After a big Basque breakfast with Mayor Dave Bieter on Monday, Rocco Landesman, chairman of the National Endowment for the Arts for about eight months now, stood in the large but cozy timber-and-brick meeting area of the Esther Simplot Center for the Performing Arts, and told heads of Treasure Valley arts organizations that he's a longtime fan of Roger Miller.
To be in the city where "King of the Road" is said to have been penned (Miller supposedly wrote it while staying at the historic Idanha Hotel) may have been reason enough for a visit, but Landesman—dressed in a dark suit and a pair of shiny, burgundy colored cowboy boots—came to Idaho to do more than gaze at the birthplace of a beloved song. With plans to visit Jerome and Twin Falls later in the day, Landesman came to Boise to speak on the importance of arts funding but, more importantly, he also came to learn something about the arts in this "isolated area."
After an introduction of Mayor Bieter by Idaho Commission on the Arts' Michael Faison, Mayor Bieter then introduced Landesman. The former Broadway producer spoke to the group of about 35 arts organization leaders about the importance arts plays in a city's overall health—both in a civic and economic sense—and confirmed what community leaders already know: that a vibrant arts scene enhances the quality of life and brings not only more creative people to an area, but businesses as well. "People want to live where there is art and culture," he said. "And businesses follow people."

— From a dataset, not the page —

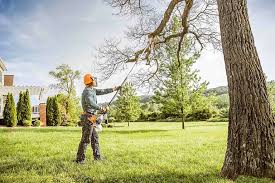 Best Tree Mulching  in Catawissa, PA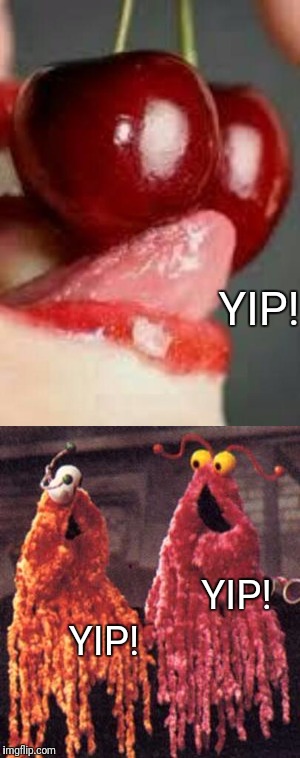 YIP! YIP! YIP! | image tagged in memes,martians | made w/ Imgflip meme maker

Landesman also acknowledged that amid a swirl of budget deficits and cuts to funding, he has been looking outside of the traditional government agencies for arts money, such as the Department of Housing and Urban Development, the Department of Education and the private sector.
In the hour or so that the meeting lasted, Landesman heard from Richard Klautsch of Boise State; Julie Numbers-Smith from Ballet Idaho; Tony Boatman of the Boise Philharmonic; Carl Rowe of Idaho Dance Theatre, Jean Andrews from Music Theatre of Idaho; John Michael Schert from Trey McIntyre Project; Melanie Fales of the Boise Art Museum; Cheryl Maddalena of Big Tree Arts; Mark Junkert from Opera Idaho; all of whom provided Landesman with an overview of his or her arts organizations.
Esther Simplot also addressed Landesman, publicly saying she believes that arts education is important, but believes that rather than insisting grant applications include a statement of how education will be included, the NEA should focus more on funding art for art's sake.